Vulnerabilidad
Cada vez nos sorprende menos que un anciano muera solo y pasen meses sin echársele en falta. Ayer publicábamos el insólito caso de don Emilio -un hombre sociable, conocido y dicharachero del madrileño barrio de Salamanca-, fallecido hace cinco meses. Viven en España nada menos que 7,2 millones de ancianos y 1,3 millones en soledad, unos arropados por estructuras familiares cada vez más frágiles, otros plenamente dependientes de la ayuda social, la caridad o sí mismos. En veranos como éste, que siembra la alarma de California a Rusia por las altas temperaturas, se intuye la vulnerabilidad de todos, pero es explícita sobre todo la de las personas mayores.
Nadie sabe cuántos ancianos han muerto por el calor. La cifra oficial española de 14 fallecidos se antoja ridícula. Hay que preguntarse cuántos ancianos vivirían con mayor calidad de vida, muchas veces no dependiente del aire acondicionado, ni de gasto alguno, con un mínimo esfuerzo o interés del prójimo. Sólo con algo más de respeto y de solidaridad.
Las sociedades modernas han cultivado en las últimas décadas unos dogmas que a las nuevas generaciones ya les parecen eternos por corta memoria, lógica inexperiencia y, con frecuencia, ignorancia. Uno de los peores por gratuito, infundado y pernicioso es el del incondicional entusiasmo por lo joven y lo último. Lo que en criterios de moda indumentaria es simple estulticia, cuando atañe a valores de convivencia, a sentimientos y emociones, deriva pronto en falta de sensibilidad y de escrúpulos, en egoísmo.

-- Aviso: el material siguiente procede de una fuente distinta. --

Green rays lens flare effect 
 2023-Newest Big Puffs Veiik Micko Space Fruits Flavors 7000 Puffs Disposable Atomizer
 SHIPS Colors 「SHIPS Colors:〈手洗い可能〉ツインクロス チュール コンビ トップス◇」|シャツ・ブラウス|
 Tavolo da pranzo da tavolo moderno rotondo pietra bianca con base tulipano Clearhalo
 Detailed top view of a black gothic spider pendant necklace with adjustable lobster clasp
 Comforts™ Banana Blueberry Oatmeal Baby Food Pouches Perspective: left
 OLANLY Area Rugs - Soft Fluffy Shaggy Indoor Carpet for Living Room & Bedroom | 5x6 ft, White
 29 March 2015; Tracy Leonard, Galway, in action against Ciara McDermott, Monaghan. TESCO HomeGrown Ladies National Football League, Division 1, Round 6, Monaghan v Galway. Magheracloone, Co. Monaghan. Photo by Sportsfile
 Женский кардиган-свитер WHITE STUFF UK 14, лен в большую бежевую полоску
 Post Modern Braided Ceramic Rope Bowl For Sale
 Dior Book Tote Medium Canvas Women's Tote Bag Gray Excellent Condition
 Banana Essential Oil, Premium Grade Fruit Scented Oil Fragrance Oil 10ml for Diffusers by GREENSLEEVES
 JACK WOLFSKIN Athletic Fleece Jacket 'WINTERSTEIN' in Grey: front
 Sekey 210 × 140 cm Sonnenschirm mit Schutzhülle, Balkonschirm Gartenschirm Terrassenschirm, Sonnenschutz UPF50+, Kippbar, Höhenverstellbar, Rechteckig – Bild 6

Sucede cuando la competitividad en una sociedad de individuos con lógica ansiosa e implacable olvida y desprecia a sus mayores. Hace aún pocos años que a los españoles les conmovían las historias sobre la soledad abismal y rotunda de los viejos en países avanzados, de gran movilidad y poco arraigo. Hoy, aunque no estemos peor que en otros de nuestro entorno, parece llegado el momento de tomar medidas serias -por alarma y respeto- para mejorar seriamente la situación de muchos de nuestros ancianos.